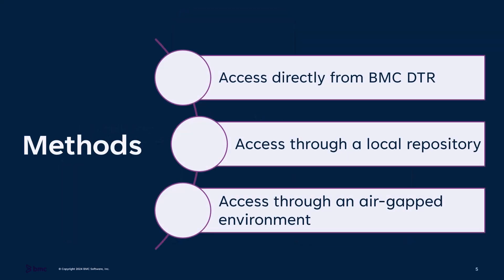You cannot directly download the images from containers.bmc.com. However, you can access the container images directly from BMC DTR, a local repository, or an air-gapped environment.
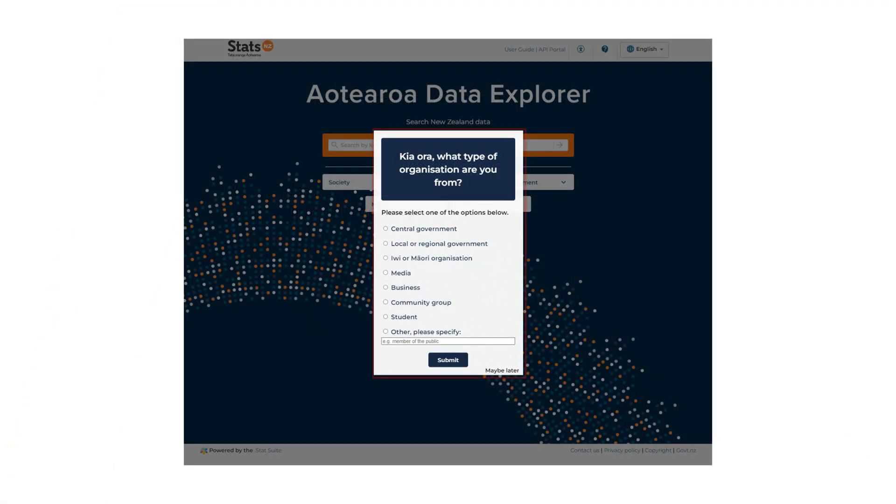When you first arrive, you'll see a pop-up with a question like this. It provides the option to tell Stats NZ more about the context in which you are using the data.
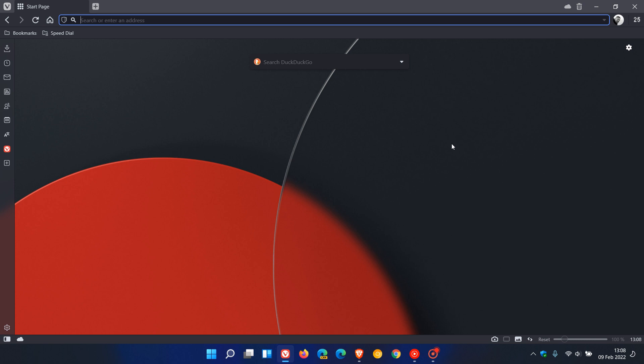This is only for tabs on the top and bottom of the browser, whereas tabs on the sides of the browser were always scrollable in Vivaldi. This option is also available in two-level tab stacking as well.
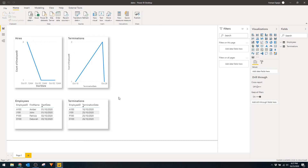Let me show you what I mean. I have a Power BI report here with a simple data model — two tables: employees and terminations. Our first table has the employee IDs, name, and their start dates. On the termination table we have their IDs and their termination dates.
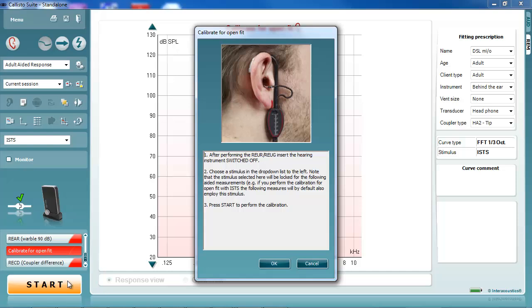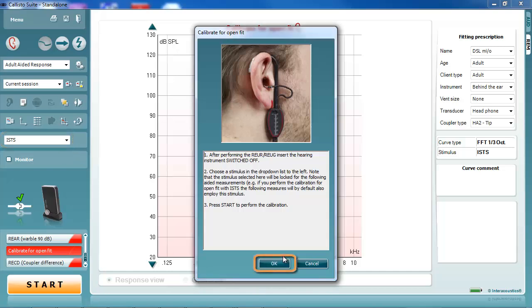Insert the hearing aid into the ear along with the probe tube. Ensure the hearing aid is switched off. Choose the stimulus which you wish to verify the amplification with. Press OK.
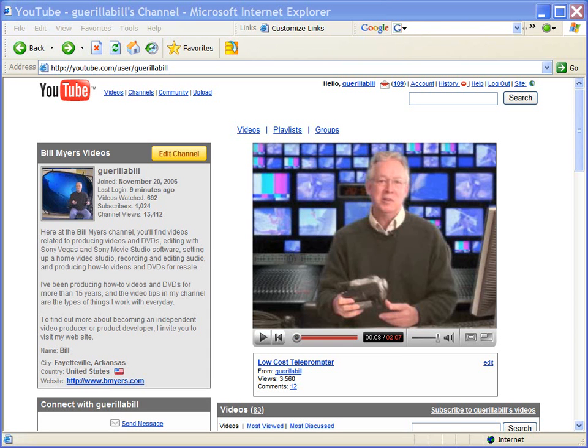Hi, I'm Bill Myers. This is my video tip of the week. In this week's video tip, I'm going to show you how to customize your YouTube video channel.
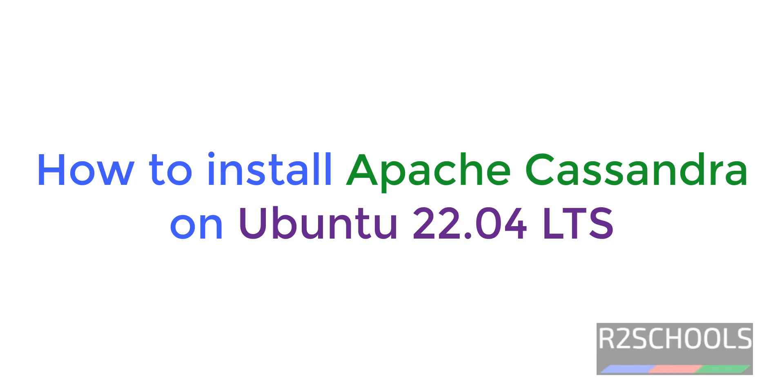Hello guys, in this video we will see how to install Apache Cassandra on Ubuntu.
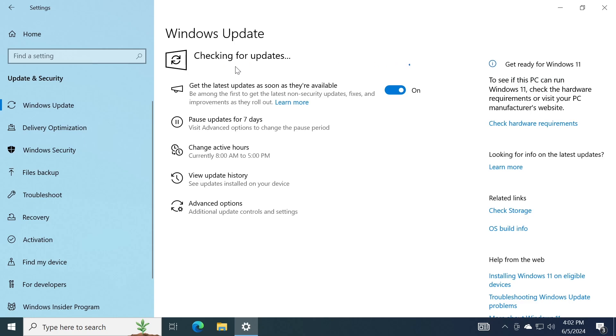Now a few things that you need to know: if you have a Windows 10 PC that does not meet the minimum requirements for Windows 11, as you saw, you won't see the Canary or Dev channel options inside the Windows Insider Program. And also the Windows 10 end of support date of October 14, 2025 is unchanged. So joining the Beta channel won't change that.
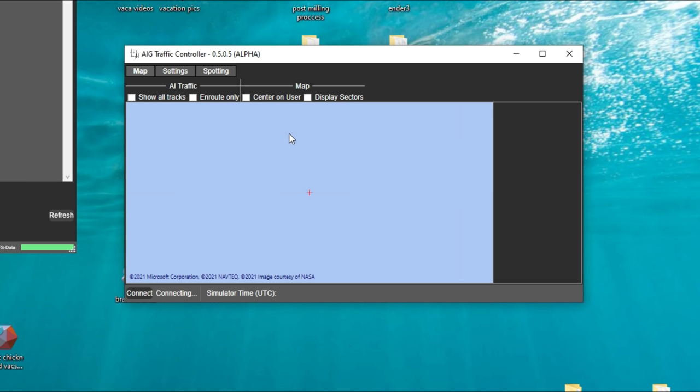The AIG Traffic Controller is what's going to inject the live traffic into your sim. How it does that is it uses the AIG Manager in conjunction — when it injects that live traffic it actually puts the plane and the livery into the sim. So if it's a 757 or a 777 it will inject that directly into the sim for you, as well as the appropriate livery for that plane, so long as you have it downloaded.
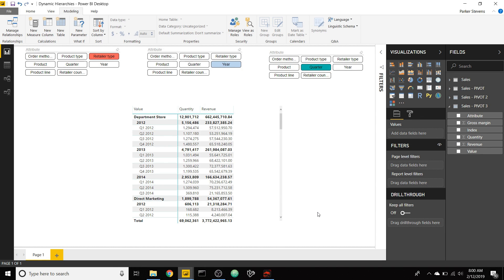What's up guys, Parker here. I have an awesome video today showing you how to create dynamic hierarchies. This is going to allow you to select the different levels of the hierarchy based on slicer selection.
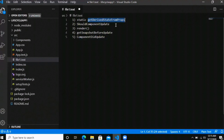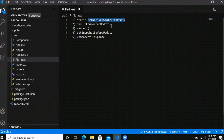shouldComponentUpdate returns a boolean value — true or false. By default it returns true, so whenever it returns true your component is going to re-render. Sometimes you might change your state but don't want to re-render your component; in that case return false. This will increase the performance of your application.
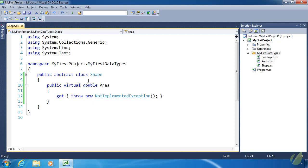But there's a better way to define this area property. Because it really doesn't make sense to implement it when we can't really implement it. Because area is going to be dependent upon each individual derived class.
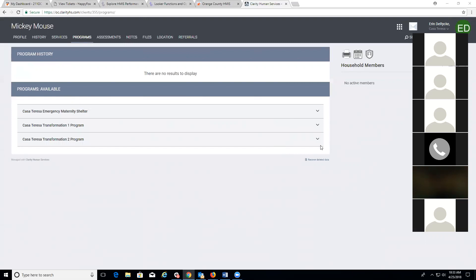For managers: you should be able to see a delete trash can icon to remove clients from your project. Regular users don't have this access — we wanted someone overseeing that correct enrollments are deleted. Right now, only agency administrators have that access. Note: there is an open ticket with Clarity regarding why some enrollments show the delete icon and some don't — we will follow up on that.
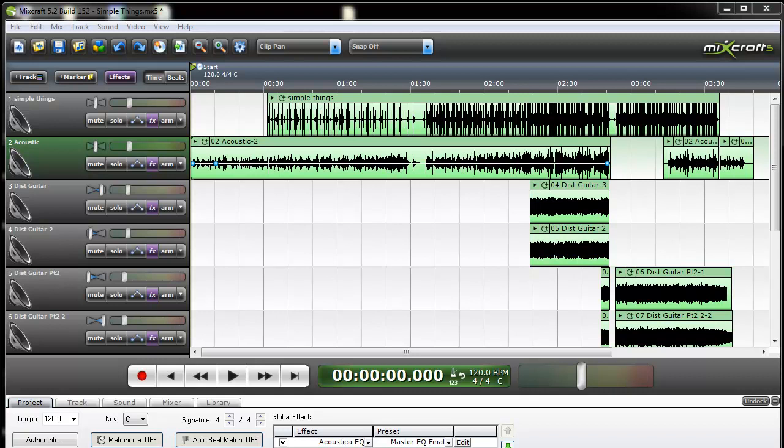And what you can do with a few clicks within Mixcraft is actually turn that instrument into something that you can have panned on both sides of the sound image. So what I've got here is a quick sample of a song and I've got an acoustic guitar here that was recorded center channel, one single mic.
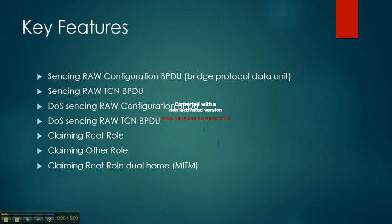Then claiming root role, claiming another role, and claiming root role dual home for a man-in-the-middle attack.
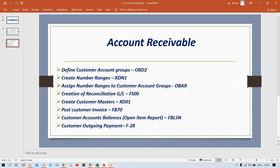Account group is the group of similar-nature master data — whether customer, vendor, or GL. If he says GL account group, then it's the group of similar-nature GL accounts; vendor account group means group of similar-nature vendor accounts; customer account group means group of similar-nature customers. Apart from this, we need to create number ranges and assign them to the account group — the same way we did during Accounts Payable basic settings. In the next session we'll set up these account groups, number ranges, and everything, then proceed further. Theoretically I've explained what Accounts Receivable is — next session onwards we'll see everything practically.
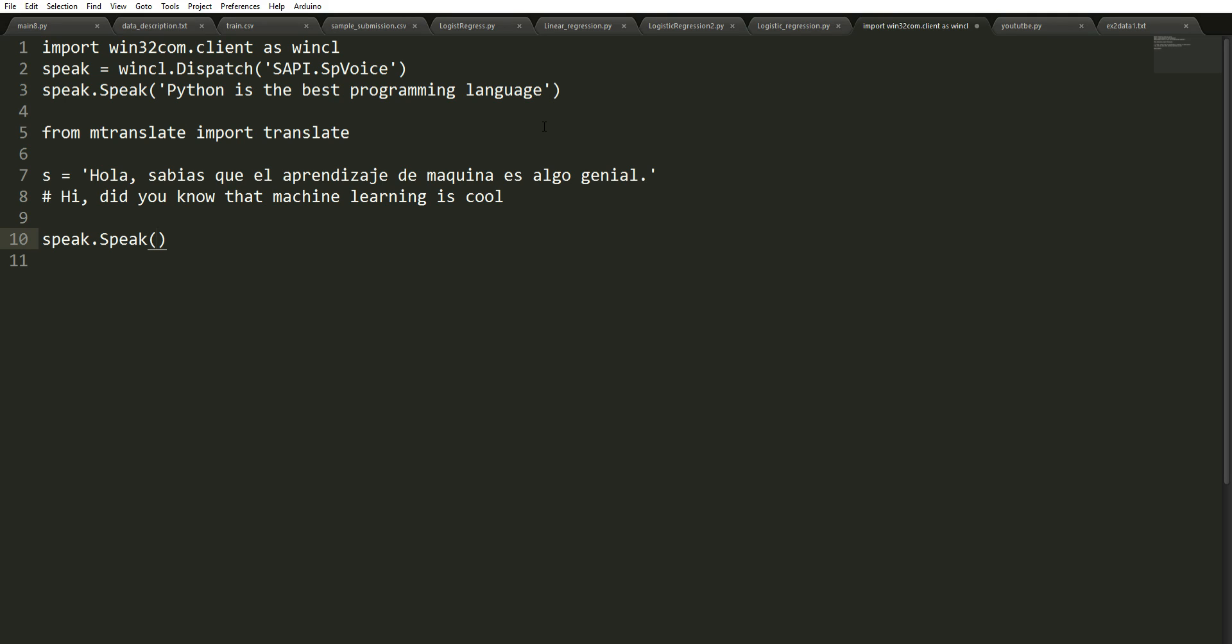speak.speak and this is going to be translate. We're going to pass the string and we're going to change this to be English. Now we just save this and we're going to say speak.p.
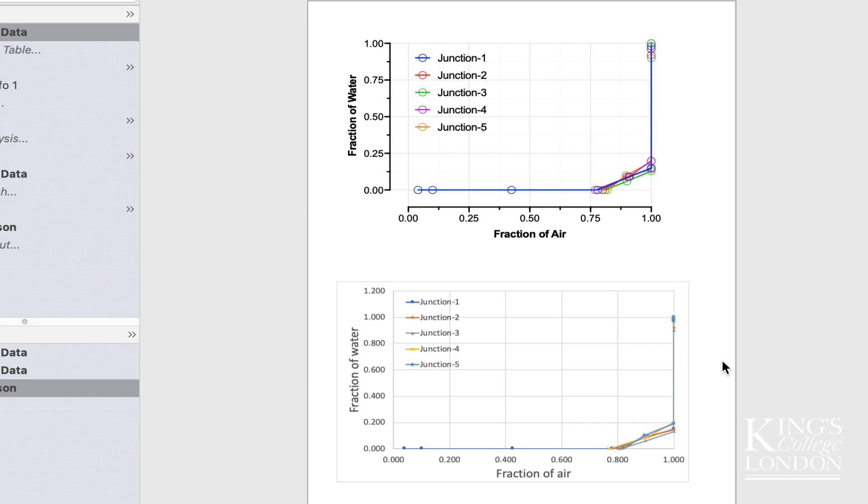So that's it. That's a very quick way of plotting XY data from multiple x and y data sets from Excel into Prism. I hope it helps.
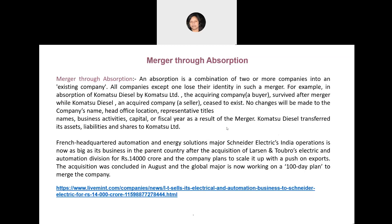Very recently, we have the case of Larsen & Toubro's electric and automation division being sold to Schneider Electric's India operation — this is a case of acquisition. The deal was for rupees 14,000 crore, and Schneider India would like to use India as an export destination for some of its products. This acquisition concluded in August, and now it is working on a 100-day plan to merge the company.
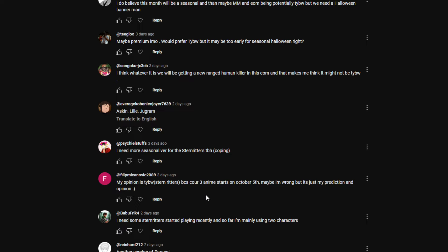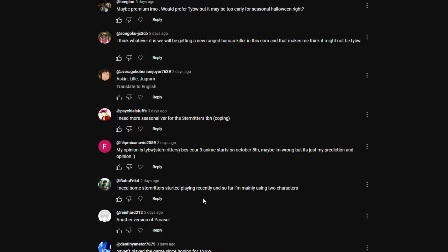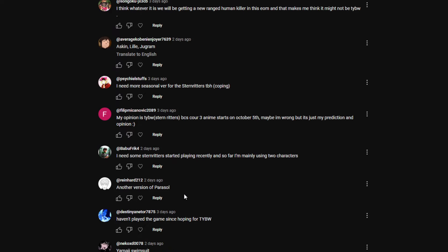Philip: My opinion is Thousand Year Blood War Sternritters, because Cour 3 anime starts on October 5th. They've been wrong, which is my prediction. It's a pretty good prediction to be honest. I don't know why they've never capitalized on it, but who knows. Babu Freak: I need some Sternritters. Started playing recently. We only got one Sternritter so far, Gremmy, this year, or since anniversary. Another version of parasol by Ryan Hard. It would have to be a Yoruichi, or I would probably skip to be honest.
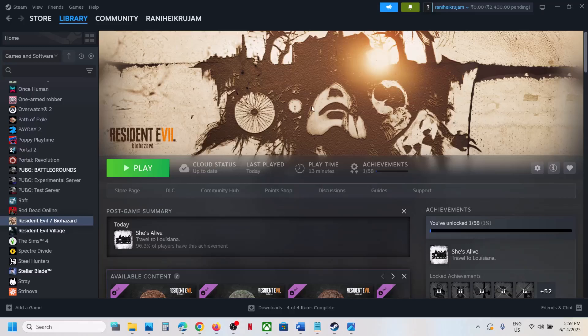Hello guys, welcome to my channel. Today in this video, I'm going to show you how to fix when audio is not working with a game on your Windows computer.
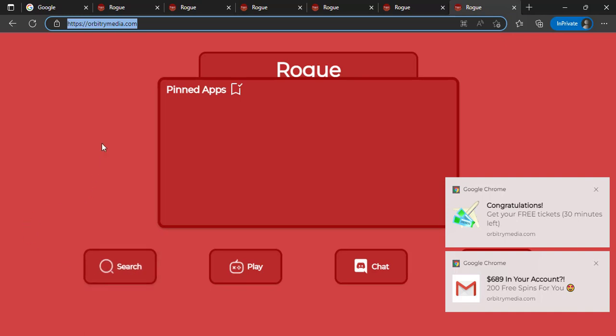Using these websites, you can easily access any website or any game that you want to play in your school Chromebook.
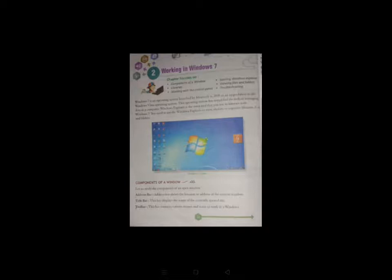This operating system has simplified the task of managing data in a computer. This operating system provides a facility for how we manage our data in a computer.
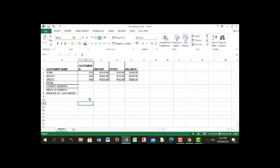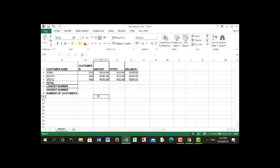As you can see, I've typed additional data to expand the spreadsheet and made sure the new entries are included within the borders. I've also included borders for them. Now I'm going to start with the first function, which is Total, then go to Lowest Number, then Highest Number, and finally Number of Customers. Let me make those labels all bold.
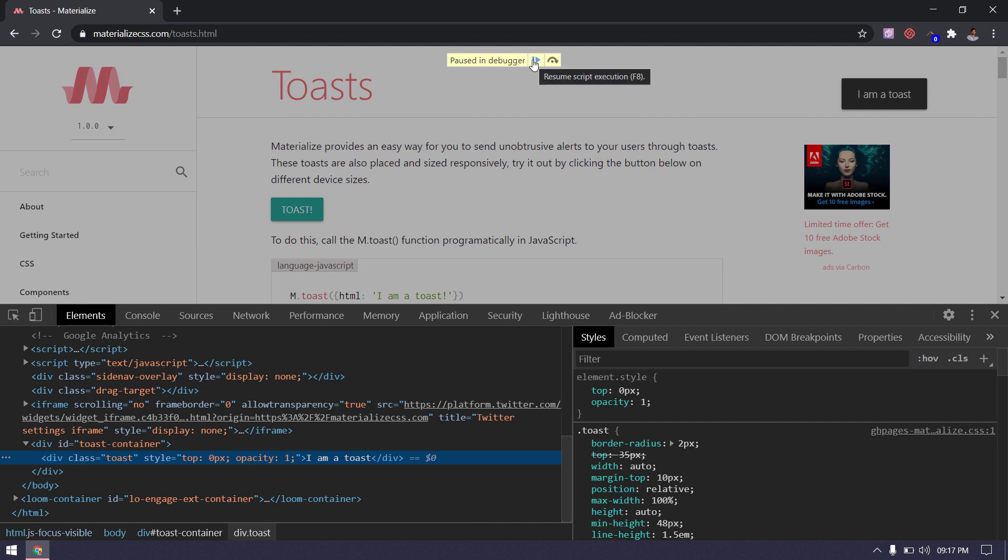I will show you an alternate and maybe the best way to handle this. I will use the Chrome inbuilt debugger property to pause the DOM.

AIM OF THE EXERCISE:
Give again, word for word, every line from the top of the data above to the line holding "Let me show", inclusive, with the pictures left out.

TASK OUTPUT:
You cannot directly download the images from containers.bmc.com. However, you can access the container images directly from BMC DTR, a local repository, or an air-gapped environment.
When you first arrive, you'll see a pop-up with a question like this. It provides the option to tell Stats NZ more about the context in which you are using the data.
This is only for tabs on the top and bottom of the browser, whereas tabs on the sides of the browser were always scrollable in Vivaldi. This option is also available in two-level tab stacking as well.
Let me show you what I mean. I have a Power BI report here with a simple data model — two tables: employees and terminations. Our first table has the employee IDs, name, and their start dates. On the termination table we have their IDs and their termination dates.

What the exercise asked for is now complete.